Потом Тэннер пошел на почту — там можно было бесплатно воспользоваться пером и чернильницей — и написал письмо сестре. Постойте, он ведь не знал грамоте. Стало быть, уже выучился. Это было влияние Китти: она хоть и была девушка тихая — очень тихая, — но Тэннер догадывался: замуж за неграмотного не пошла бы.

«Дорогая сестрица, — писал он. — Так случилось, что в нашем семействе ожидается прибавление: то ли мальчик, то ли девочка. Хорошо бы ты послала нам какую-нибудь книгу по этому вопросу. А в хозяйстве у нас сотня кур, и вдобавок сотня несушек, и картошки хороший урожай». Отправив письмо, Тэннер зашел купить мыла, иголок, ниток, рыбных консервов, чаю и сахару. На выезде из Авануи он остановился у последней фермы, где жил его знакомый, некий Пэрриш, державший гоночных голубей. Некоторые из них как раз возвращались на голубятню. Окошки в голубятне были настолько узкими, что птицам приходилось буквально протискиваться внутрь, задевая при этом специально подвешенный колокольчик — так хозяин узнавал об их возвращении. Все голуби были пятнистого сизого окраса — только таких, заявил Пэрриш, и держат порядочные люди. Тэннер объяснил, в чем дело, и попросил одолжить ему пару птиц. Пэрриш согласился: Хирухарама, где жил Тэннер, находилась по пути из Авануи на станцию Те Паки, и голуби были приучены летать в этом направлении.

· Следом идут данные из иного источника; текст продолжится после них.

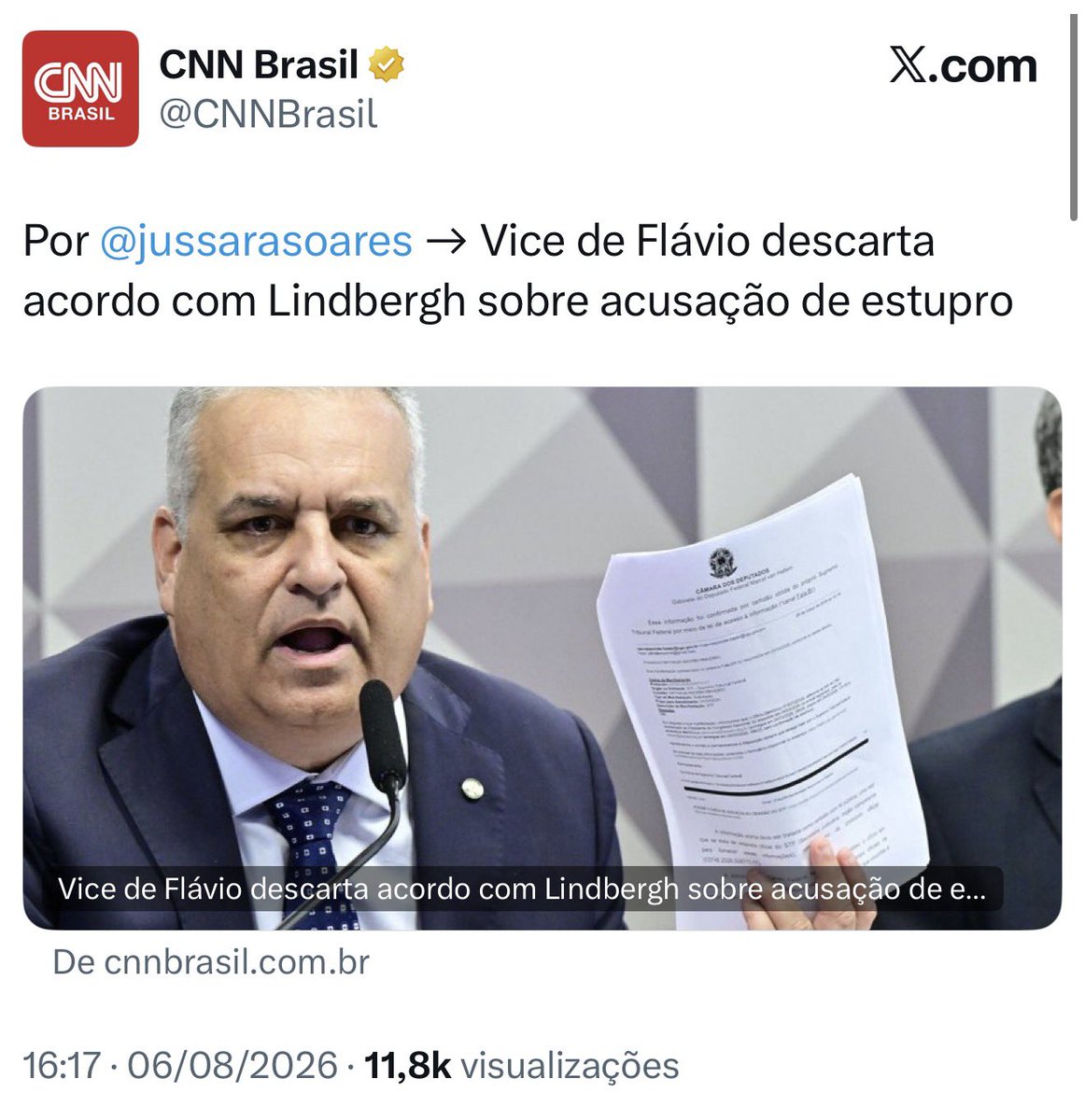 thaispsic's tweet photo. Fake news pesada dessa não se negocia. Processa até o fim! 👏🏻👏🏻👏🏻 https://t.co/tT6XOULHkE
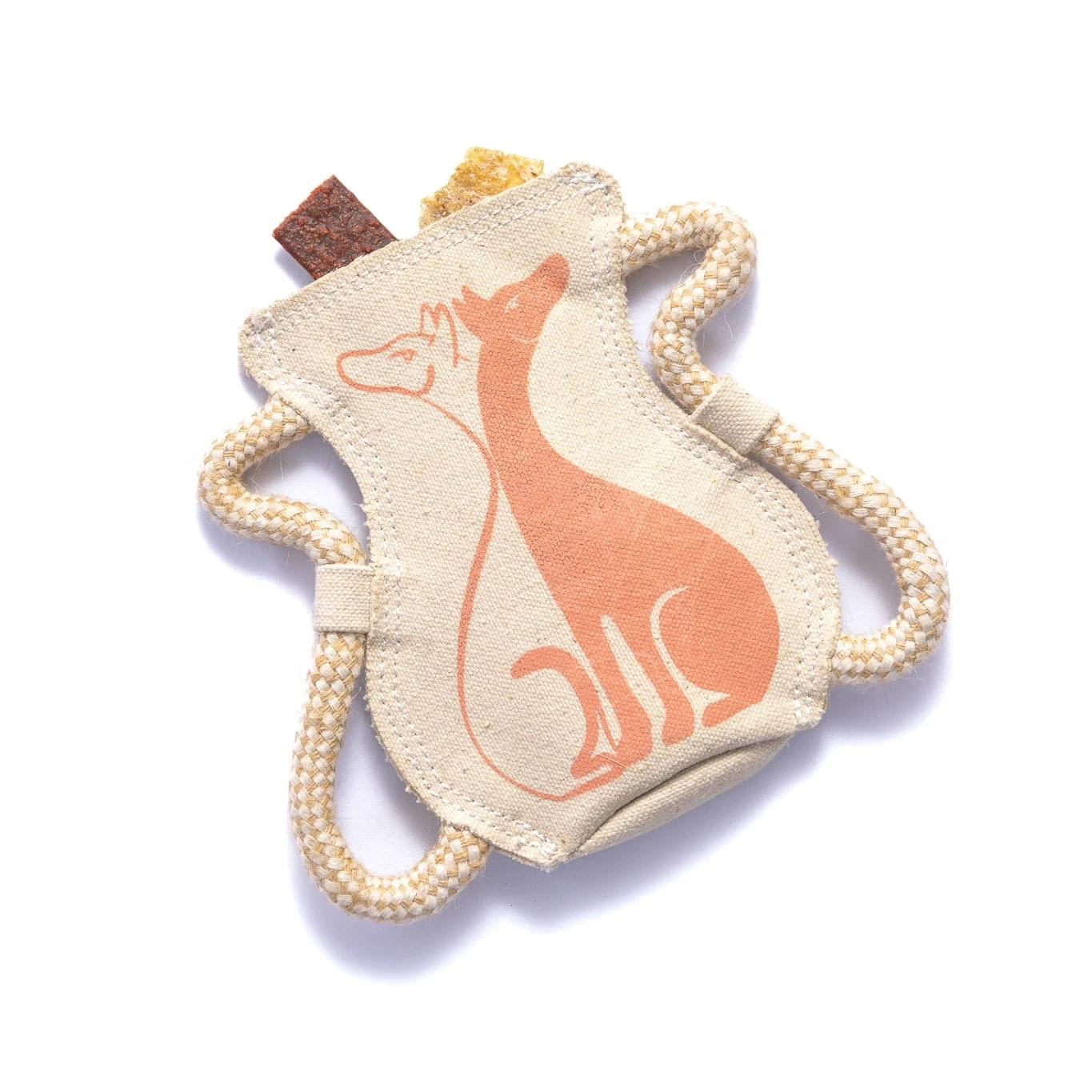 Canvas Puzzle Dog Toy - Image 3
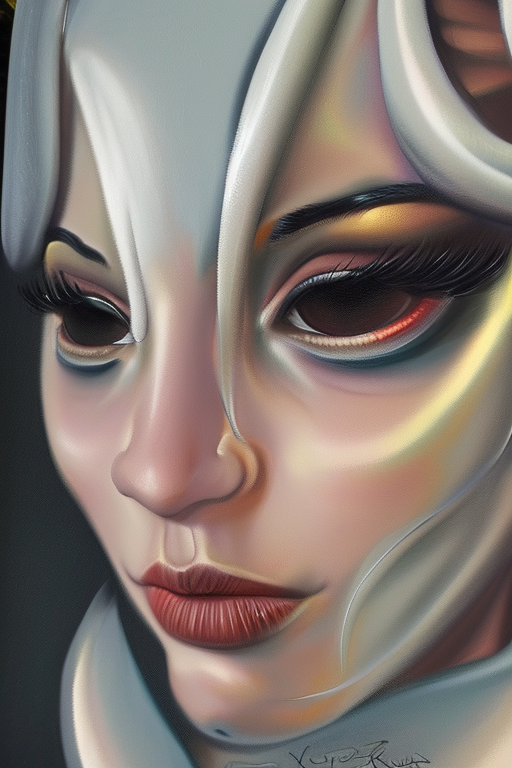 Stable Diffusion prompt: Hyper realistic painting of a - PromptHero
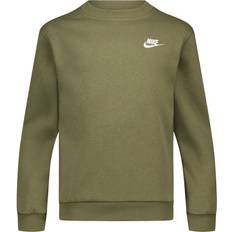 Nike Sweatshirts Nike Sportswear Sweatshirt Club Fleece - Oliven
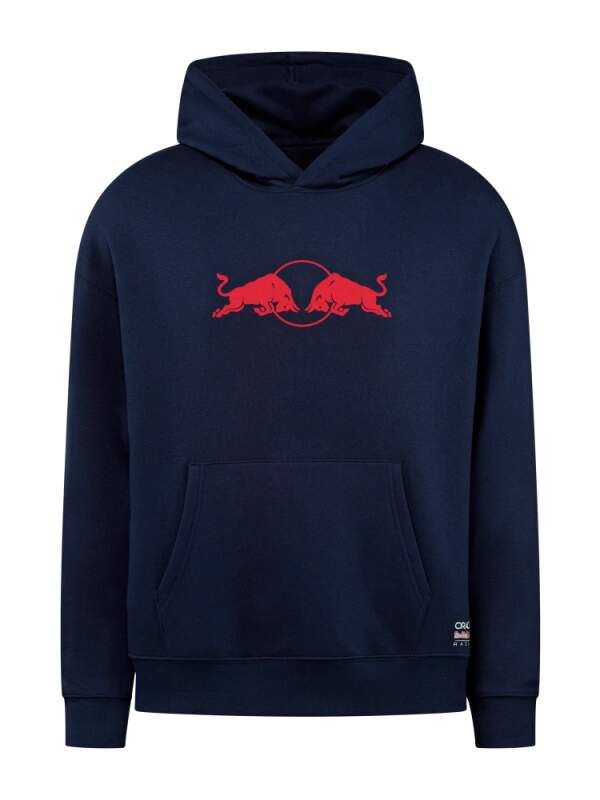 Oracle Red Bull Racing Hoodie SPARK Edition dunkelblau mit Logo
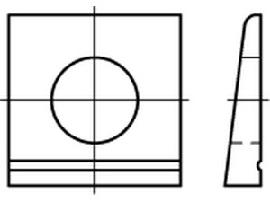 DIN 435 A 2 22 A 2 S Produktbild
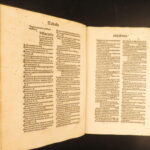 1490 – Dominican Teaching & Sermon Preparation | Herolt Incunable, First Edition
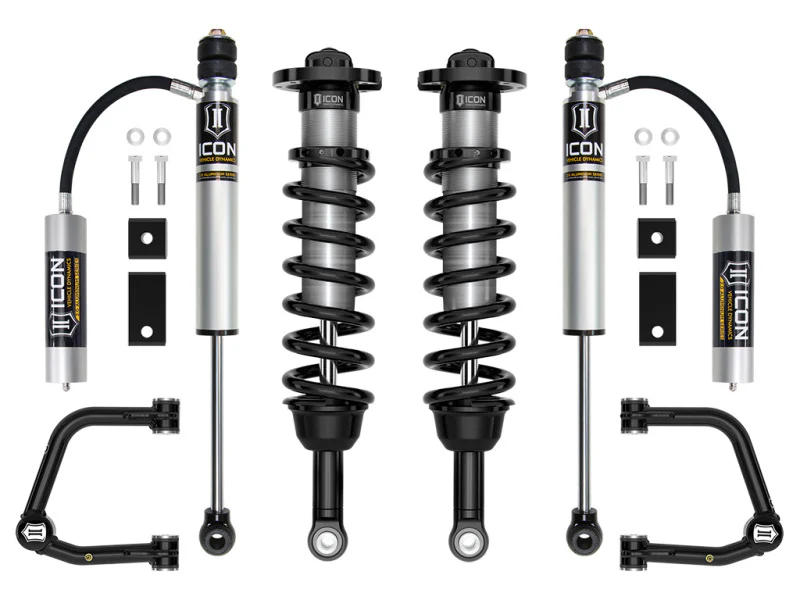 ICON 2022+ Toyota Tundra 2-3.5in Stage 5 3.0 Suspension System (TUBULAR) - Image 2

— Живи вы в другой стороне, ничем не мог бы помочь, — сказал Пэрриш.

Голубей обучал маорийский мальчик. С четырех месяцев он начинал выпускать их в пробные полеты — сначала на три мили, потом на десять, потом на двадцать, причем только в одном направлении, к северо-западу от Авануи.

— То есть пятнадцать миль они пролетят, — сказал Тэннер.

— Они все двести пятьдесят пролетят.

— А за какое время пролетят пятнадцать?

— При хорошей погоде — за двадцать минут, — сказал Пэрриш.

Мальчик-маори выбрал двух голубей и положил их в крытую корзину. Тэннер закрепил корзину на козлах.

— Они у вас меченые? — спросил Тэннер.

— Мне их метить незачем, — сказал Пэрриш. — Я и так всех знаю.

Он добавил, что голубям нужна каменная соль, так что Тэннеру пришлось ехать обратно в город за этой солью и мешком проса. Когда он вернулся в Хирухараму, со всех сторон уже подступила ясная летняя ночь. Надо было взять тебя с собой в город, сказал он Китти. Китти сказала, что все у нее хорошо. А вот у него не все хорошо — беспокоился. Значит, ты чего-то не привез, сказала Китти. Тэннер достал из телеги голубей — они все возились и тихонько бормотали в своей корзинке.

— Я привез больше, чем ты просила, — сказал он.

Они поселили голубей на чердаке, над овощным складом. «Сизые пятнистые» стали украшением дома.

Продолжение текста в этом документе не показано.